Mencap has called for all English councils to provide a minimum level of help to people needing lower levels of care and support.
The charity is also calling for a robust study to establish the numbers of people with a learning disability in England, amid longstanding concerns that adult care funding is not keeping pace with the rising numbers of learning disabled people.
The calls form part of its response to the Department of Health’s consultation on draft revised guidance for determining eligibility for adult care, which closed yesterday.
Fair access to care services
Mencap backed the Department of Health’s decision to retain the current fair access to care services (FACS) system, despite recommendations to have it replaced in a DH-commissioned review by former regulator the Commission for Social Care Inspection.
Under FACS, councils are able to set eligibility thresholds at one of four levels of need – critical, substantial, moderate or low – though three-quarters of authorities limit publicly-funded care to people with either critical or substantial needs.
CSCI, which was replaced by the Care Quality Commission in April, criticised the way councils applied FACS but also said it had systemic problems, including tensions with the personalisation agenda.
New system proposed
It proposed a system under which councils allocated resources to people with immediate high needs and those likely to develop needs over the medium and longer-term, answering criticisms that people with lower-level needs were currently excluded from council funding.
However, while the DH accepted a number of the CSCI’s recommendations, including placing greater emphasis on preventive services, it said overhauling FACS would be too disruptive and costly, at a time of significant change for councils in adult social care.
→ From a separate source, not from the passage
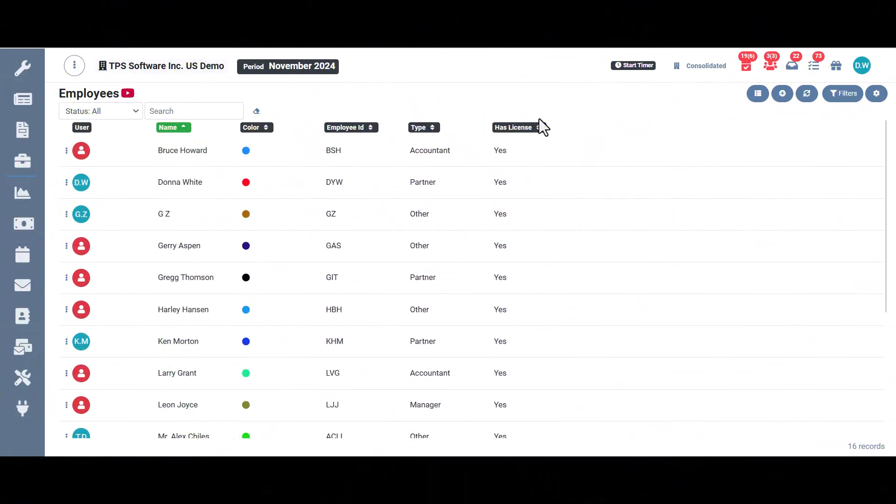TPS can do so many amazing things, but without employees using it, not a whole lot would get done. So let's go over what you see on the employee screen.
The guidance is designed to apply until the implementation of the planned green paper reforms to long-term care, due in 2014, which would introduce a new national eligibility and assessment system.
False economy
Mencap said restricting eligibility to those with substantial or critical needs was a false economy as many people could be helped by just a few hours a week of support, guarding against them needing more intensive support in future.
It also called for more effective signposting to other services or organisations for those not eligible for care.
Its call for a study into the number of people with learning disabilities follows news that council spending on the client group rose by 8% in real terms last year, reflecting increases in the number of learning disabled people.
Adass response
The Association of Directors of Adult Social Services said the draft guidance said little about eligibility and instead set focused on laying out the Putting People First agenda to personalise care.
Sarah Pickup, formerly co-chair of Adass’s resources network and now the association’s honorary secretary, said: “We are in agreement with the context and direction of travel, but we aren’t sure there’s anything here which warrants it saying there are changes.”